A Fundação Oswaldo Cruz (Fiocruz) avalia que o poder destrutivo das chamas aliado à penetração do novo coronavírus mata adentro pode resultar numa “catástrofe”. A instituição está realizando um estudo para avaliar os efeitos que o encontro da Covid-19 com as queimadas poderá causar na saúde da população local. Em 2019, cidades de Amapá, Pará, Maranhão e Mato Grosso tiveram o maior número de casos já registrados de doenças respiratórias. Segundo dados preliminares, morar em cidades próximas a incêndios florestais aumenta em 36% a possibilidade de a pessoa ser internada. “A exposição à fumaça fragiliza o sistema imunológico, a pessoa fica mais vulnerável às infecções em geral, como a pneumonia. O sistema imunológico fragilizado e com a Covid pode ser uma catástrofe”, disse o pesquisador Christovam Barcellos, um dos coordenadores da pesquisa. Não se trata apenas (sic) do meio ambiente, são mais vidas que serão perdidas.

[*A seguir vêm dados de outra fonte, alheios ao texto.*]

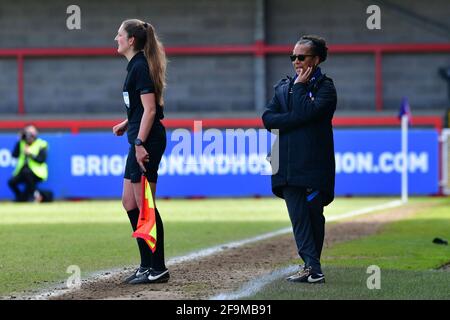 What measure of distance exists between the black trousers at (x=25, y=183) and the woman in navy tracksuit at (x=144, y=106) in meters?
15.9

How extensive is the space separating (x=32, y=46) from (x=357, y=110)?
9.04 meters

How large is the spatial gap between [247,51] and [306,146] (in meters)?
22.6

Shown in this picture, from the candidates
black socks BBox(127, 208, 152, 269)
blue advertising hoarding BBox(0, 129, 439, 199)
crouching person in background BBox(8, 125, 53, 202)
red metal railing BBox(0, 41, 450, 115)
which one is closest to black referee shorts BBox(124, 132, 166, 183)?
black socks BBox(127, 208, 152, 269)

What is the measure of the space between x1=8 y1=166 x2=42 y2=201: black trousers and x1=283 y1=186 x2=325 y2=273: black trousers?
642 inches

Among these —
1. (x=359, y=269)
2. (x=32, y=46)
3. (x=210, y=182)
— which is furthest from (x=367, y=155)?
(x=359, y=269)

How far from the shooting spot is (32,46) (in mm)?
31844

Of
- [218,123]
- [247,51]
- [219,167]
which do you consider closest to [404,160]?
[219,167]

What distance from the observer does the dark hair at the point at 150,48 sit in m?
9.22

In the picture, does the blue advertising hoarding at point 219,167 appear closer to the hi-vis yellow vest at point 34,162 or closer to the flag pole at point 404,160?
the hi-vis yellow vest at point 34,162

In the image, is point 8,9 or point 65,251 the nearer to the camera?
point 65,251

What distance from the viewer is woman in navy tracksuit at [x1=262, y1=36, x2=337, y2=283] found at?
9.09 meters

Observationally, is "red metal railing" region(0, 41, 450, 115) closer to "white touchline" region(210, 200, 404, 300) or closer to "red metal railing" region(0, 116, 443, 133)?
"red metal railing" region(0, 116, 443, 133)

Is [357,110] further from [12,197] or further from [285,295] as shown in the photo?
[285,295]

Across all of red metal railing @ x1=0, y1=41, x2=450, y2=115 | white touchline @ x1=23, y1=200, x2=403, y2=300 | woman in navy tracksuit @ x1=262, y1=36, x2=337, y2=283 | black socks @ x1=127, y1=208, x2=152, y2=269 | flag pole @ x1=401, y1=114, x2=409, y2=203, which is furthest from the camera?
red metal railing @ x1=0, y1=41, x2=450, y2=115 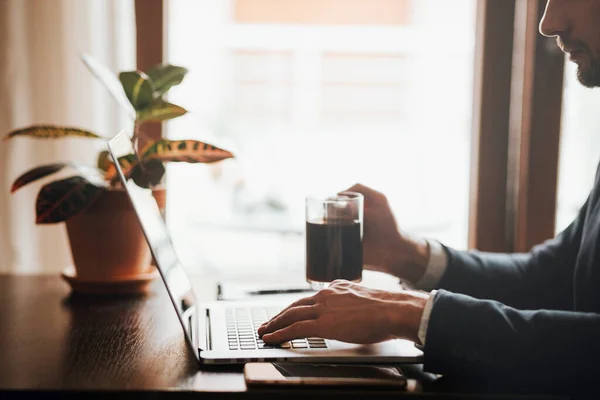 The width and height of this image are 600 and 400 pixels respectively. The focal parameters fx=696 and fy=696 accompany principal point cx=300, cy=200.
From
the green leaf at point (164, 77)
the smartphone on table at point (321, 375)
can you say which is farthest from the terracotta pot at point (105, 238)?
the smartphone on table at point (321, 375)

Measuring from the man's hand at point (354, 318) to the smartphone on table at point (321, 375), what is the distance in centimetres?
5

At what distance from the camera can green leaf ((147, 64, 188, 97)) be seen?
150cm

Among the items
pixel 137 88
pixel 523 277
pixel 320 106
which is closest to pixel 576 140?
pixel 523 277

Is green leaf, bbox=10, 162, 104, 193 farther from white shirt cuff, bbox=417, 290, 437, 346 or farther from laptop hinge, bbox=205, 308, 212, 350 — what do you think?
white shirt cuff, bbox=417, 290, 437, 346

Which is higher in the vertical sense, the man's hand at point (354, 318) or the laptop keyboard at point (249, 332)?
the man's hand at point (354, 318)

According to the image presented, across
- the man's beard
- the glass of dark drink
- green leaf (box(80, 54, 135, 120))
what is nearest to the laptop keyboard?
the glass of dark drink

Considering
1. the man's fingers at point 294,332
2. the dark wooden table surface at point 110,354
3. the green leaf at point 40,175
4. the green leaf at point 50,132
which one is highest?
the green leaf at point 50,132

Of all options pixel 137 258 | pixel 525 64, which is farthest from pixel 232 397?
pixel 525 64

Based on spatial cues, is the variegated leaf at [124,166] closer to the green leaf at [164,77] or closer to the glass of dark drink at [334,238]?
the green leaf at [164,77]

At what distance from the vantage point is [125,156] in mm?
1356

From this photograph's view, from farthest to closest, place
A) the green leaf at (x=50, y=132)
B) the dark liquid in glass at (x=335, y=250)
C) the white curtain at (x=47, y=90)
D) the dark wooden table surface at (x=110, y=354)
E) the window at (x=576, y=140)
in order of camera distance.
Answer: the window at (x=576, y=140) → the white curtain at (x=47, y=90) → the green leaf at (x=50, y=132) → the dark liquid in glass at (x=335, y=250) → the dark wooden table surface at (x=110, y=354)

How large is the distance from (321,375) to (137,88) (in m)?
A: 0.78

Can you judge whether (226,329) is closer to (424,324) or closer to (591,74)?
(424,324)

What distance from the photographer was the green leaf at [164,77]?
1496 mm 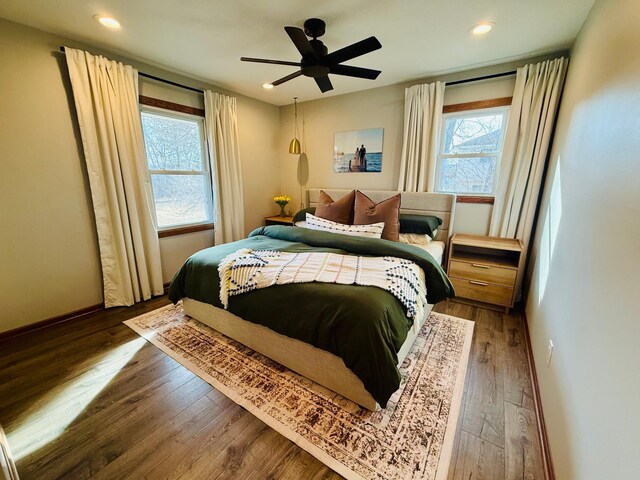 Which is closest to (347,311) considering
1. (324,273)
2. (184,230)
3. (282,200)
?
(324,273)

O inevitável fogaréu é resultado direto das sucessivas quebras de recordes de desmatamento que o país vem batendo desde o início de 2019, causadas não só pelo descaso e por uma política ambiental primitiva, como também pelo mau uso do dinheiro público. Por exemplo: enquanto gastou-se migalhas com prevenção, o Ministério da Defesa acaba de pagar mais de R$ 145 milhões, aparentemente sem licitação, num satélite para monitorar o desmatamento na Amazônia. Este trabalho já é feito, com tecnologia e know-how superiores, pelo Instituto Nacional de Pesquisas Espaciais (Inpe). O órgão, criado em 1961, tem sido fonte constante de dor de cabeça para o governo, simplesmente por fazer o seu trabalho – assim como Ibama e ICMBio. Talvez por isso, o Ministério da Ciência, Tecnologia e Inovações tenha reduzido a zero o seu orçamento para pesquisa em 2021. Depois se o povo chamar o novo satélite de Caô I, não venham reclamar.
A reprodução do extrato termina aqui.